But isn’t Martinez Gallery a little, ahem, out-of-the-way for an artist of Vargas’ stature? “Absolutely!” Martinez says. “She is major, major. Her work is in about 19 museums worldwide. But what she told me is that she doesn’t want to be showing in so many places anymore. So she scaled back to only three galleries, a gallery in San Francisco, a gallery in San Antonio, and this gallery. I think she did it because she wants to encourage a gallery that will work with Latino artists, and bring Latino artists to a non-Latino audience. I think she really believes in that.”

Works by German Perez at the Martinez Gallery.

Martinez also likes non-Latino artists, some of them from the area, including Gay Malin, George Hofmann, and Dan Mehlman. “Dan’s work as a commercial designer is very high-end,” says Martinez. “Steuben’s most popular piece is from his design. But I like him because . . . I like him. His linoprints are based on his everyday life, and he has a wry sense of humor. He’s also a great craftsman.

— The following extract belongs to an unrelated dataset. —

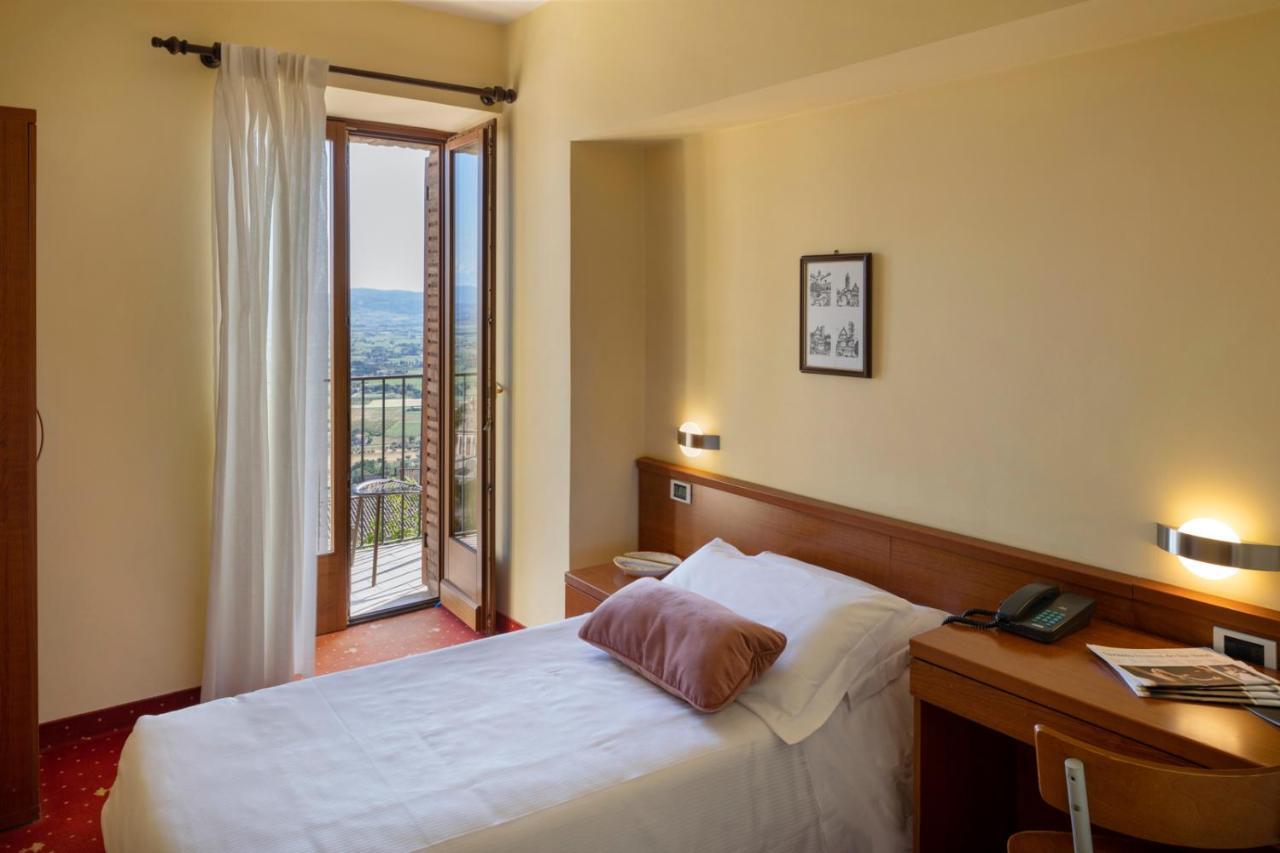 Hotel Posta Panoramic Assisi Esterno foto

“I don’t go looking for the non-Latino artists, they come to me,” she adds. “And if they meet my expectations, then I’ll show them. I do go looking for Latino artists.”

Asked if she likes to see elements that are recognizably Hispanic in the art that she carries, she answers thoughtfully, “Except I don’t know what is recognizably Hispanic. If you try to say a Hispanic paints this way, or sculpts this way, you find examples of others who do not do things this way. Like the stereotype of bright colors, there are people who have intense dark colors, or washed-out colors. So I don’t know if I put ‘Latino’ first, and ‘I like’ second. I know I respond to a lot of Latino artists, but I don’t think if I’m responding just because they are Latino. I connect with something in their art, so obviously there must be something in my culture, something I feel excited about. But it’s all at the subconscious level.”

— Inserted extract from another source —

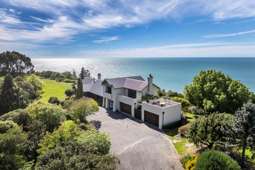 South Island lifestyle with gardens, panorama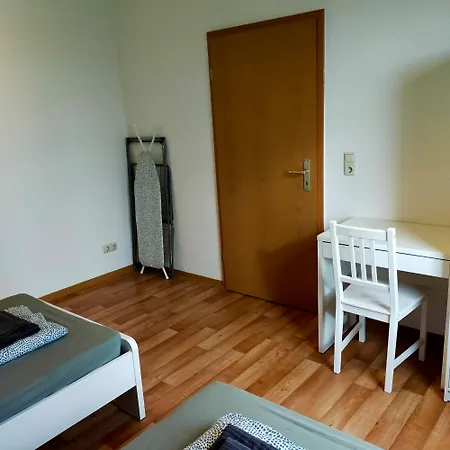- Kurzzeitvermietungen Direkt Bei Den Leunawerken, 2-3 Schlafzimmer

Opened in April 2001, Mar- tinez Gallery is the culmination of the many years Martinez spent as a passionate art collector and art educator. Born in Puerto Rico, she moved to New York state to attend college in New Rochelle. “When I was in college I began collecting folk art, and African art,” she says. “I had all kinds of African woodwork and figurines. Some of my friends in art were doing woodblocks, and they would give me stuff. That’s how I began collecting, and it became more and more intense later.”

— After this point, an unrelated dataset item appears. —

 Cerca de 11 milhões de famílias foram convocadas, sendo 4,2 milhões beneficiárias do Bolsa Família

Having worked in education administration for most of her career, Martinez moved to the Capital Region in 1994, and currently teaches a literature course at Rensselaer Polytechnic Institute. It was the time she spent as an administrator in San Antonio in the 1980s, she says, that intensified her interest in Latino art: “I always liked Frida Kahlo and Diego Rivera,” and during visits to an uncle in Mexico, she began collecting Mexican art.

“But in San Antonio I got to know Latinos in a way that I hadn’t before,” she explains. “I’d been in an environment where it was mostly others, and I was one of one or two minority females. In San Antonio, I was bombarded by this variety of Latinos, and I got to know a lot about Mexican-Americans, and the differences between those in California, and those in Texas, and those in New Mexico, all of this. It was an incredible education. And of course, I would visit the galleries.”

When Martinez decided to make her longtime dream come true and open her own gallery, she returned to San Antonio and came back with seven artists, who in turn told her about other artists. “Being in Troy was not a problem,” she says. “I got all the artists I wanted.”

But why would a sophisticated collector—Martinez has worked and consulted for the prestigious El Museo del Barrio on Fifth Avenue’s Museum Mile in New York City—decide to open a gallery in Troy? “I didn’t want to be in New York City, I had to have staying power,” she says. “I would not have a long stay in New York, you have to be capitalized for millions of dollars. I’m happy in Troy. It’s a real city. It’s a walkable city, with neighborhoods. And of course, it has such incredible architecture. I like the fact that there are antiques stores here. Just like having good eating places is great.” Martinez especially likes her location in the Cannon Building on Broadway. “It has big windows, and the Arts Center is across the street. I thought that was terrific.”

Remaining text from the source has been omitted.